- _INPUT DATA_
----------------
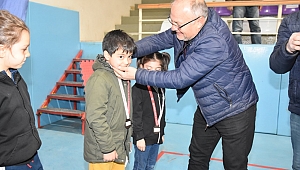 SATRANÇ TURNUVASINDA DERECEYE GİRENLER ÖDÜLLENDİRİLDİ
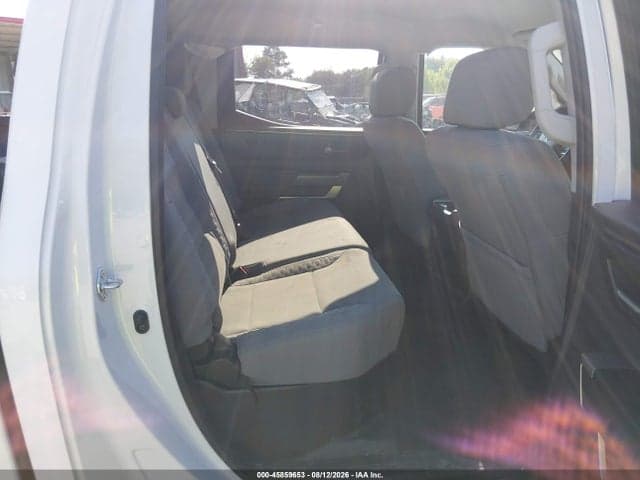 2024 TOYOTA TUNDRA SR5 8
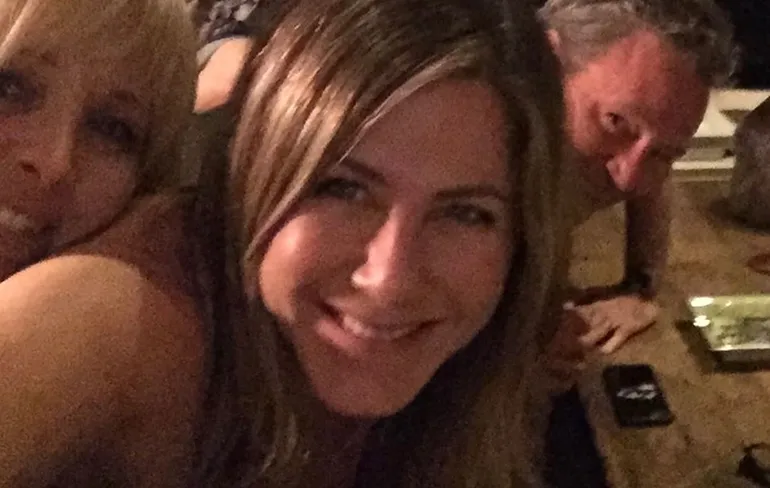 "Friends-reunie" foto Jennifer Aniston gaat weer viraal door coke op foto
----------------
- _TASK STATEMENT_
Omit the pictures and write out the lines above from the one with "2024 TOYOTA TUNDRA SR5 8" through the last, unchanged.

- _SOLUTION_
 2024 TOYOTA TUNDRA SR5 8
 "Friends-reunie" foto Jennifer Aniston gaat weer viraal door coke op foto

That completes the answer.